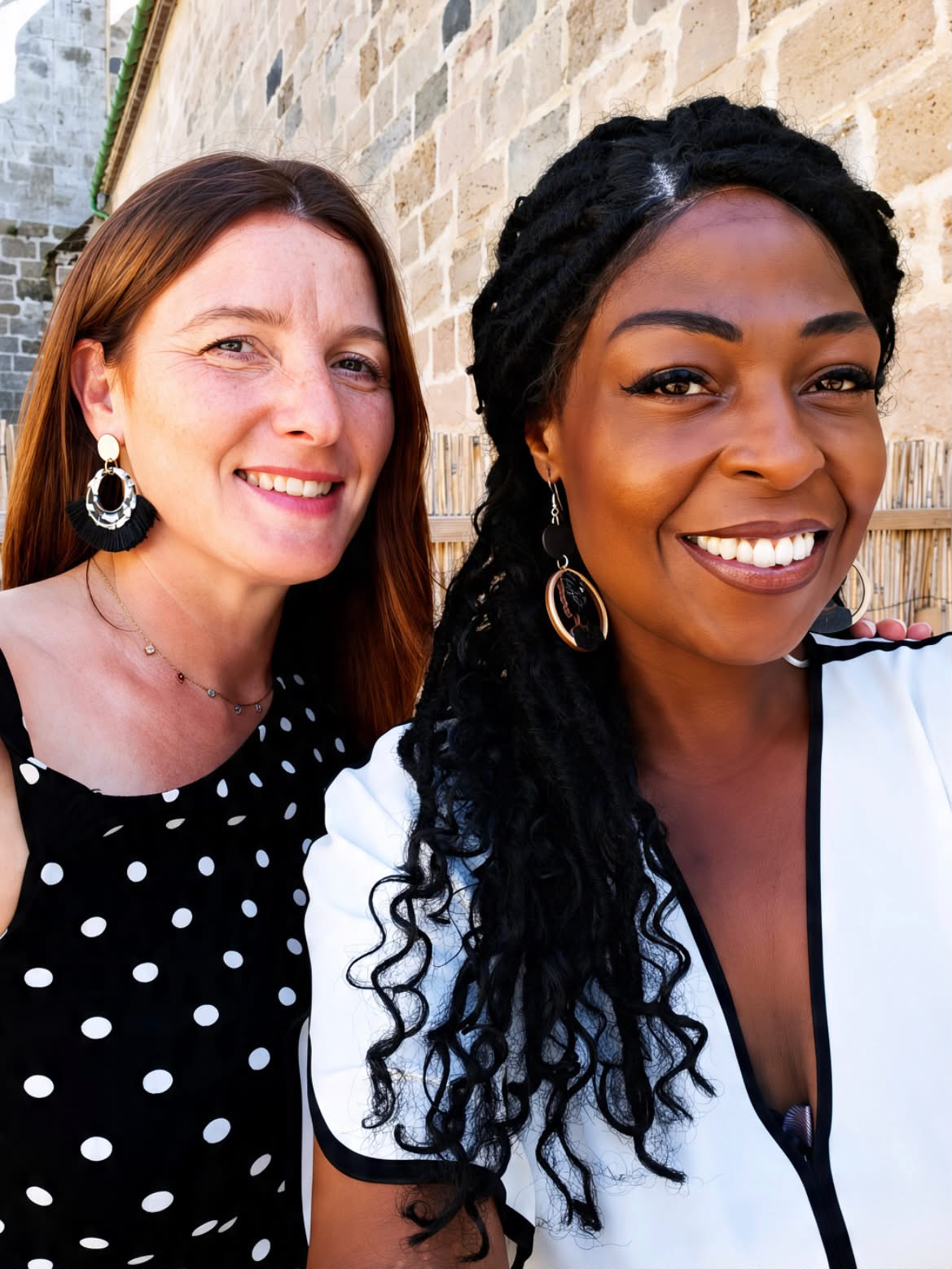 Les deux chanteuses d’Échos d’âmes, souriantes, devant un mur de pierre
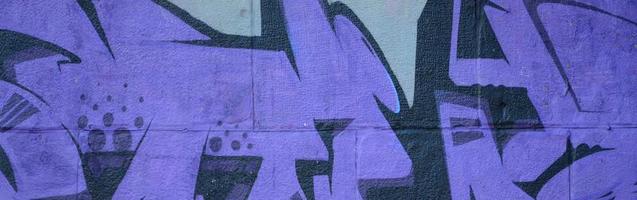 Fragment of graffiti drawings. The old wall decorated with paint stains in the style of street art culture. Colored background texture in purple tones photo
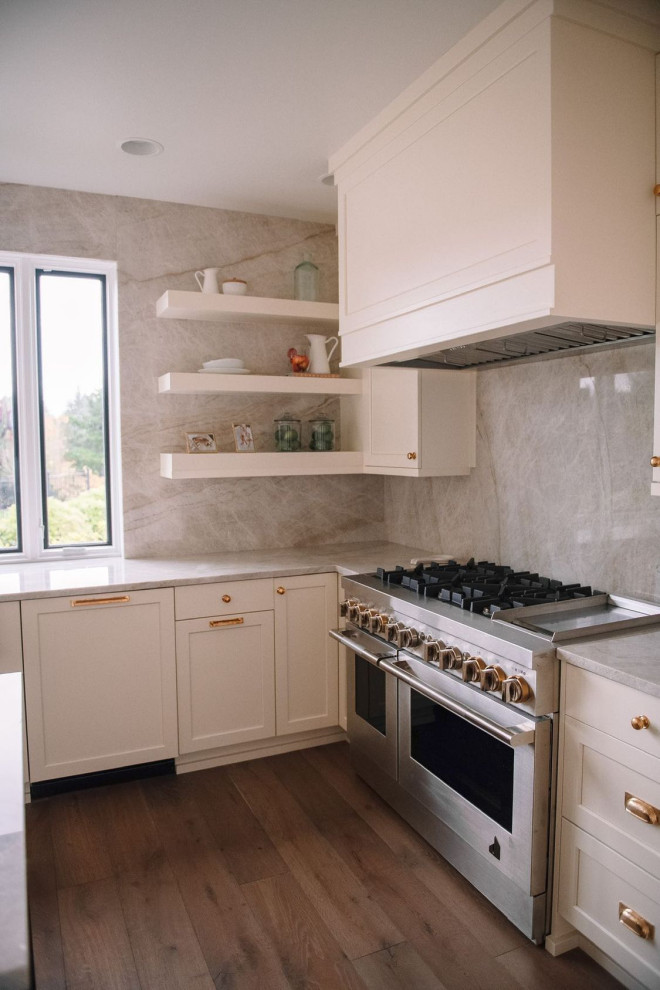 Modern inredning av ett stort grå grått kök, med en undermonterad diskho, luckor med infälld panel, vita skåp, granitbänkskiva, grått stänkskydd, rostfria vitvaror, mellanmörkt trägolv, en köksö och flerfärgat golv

• • • • • • •

■ **Exercise description**: What is needed is every line of the data above, set down exactly but with the images left out.

■ **Solution**:
 Les deux chanteuses d’Échos d’âmes, souriantes, devant un mur de pierre
 Fragment of graffiti drawings. The old wall decorated with paint stains in the style of street art culture. Colored background texture in purple tones photo
 Modern inredning av ett stort grå grått kök, med en undermonterad diskho, luckor med infälld panel, vita skåp, granitbänkskiva, grått stänkskydd, rostfria vitvaror, mellanmörkt trägolv, en köksö och flerfärgat golv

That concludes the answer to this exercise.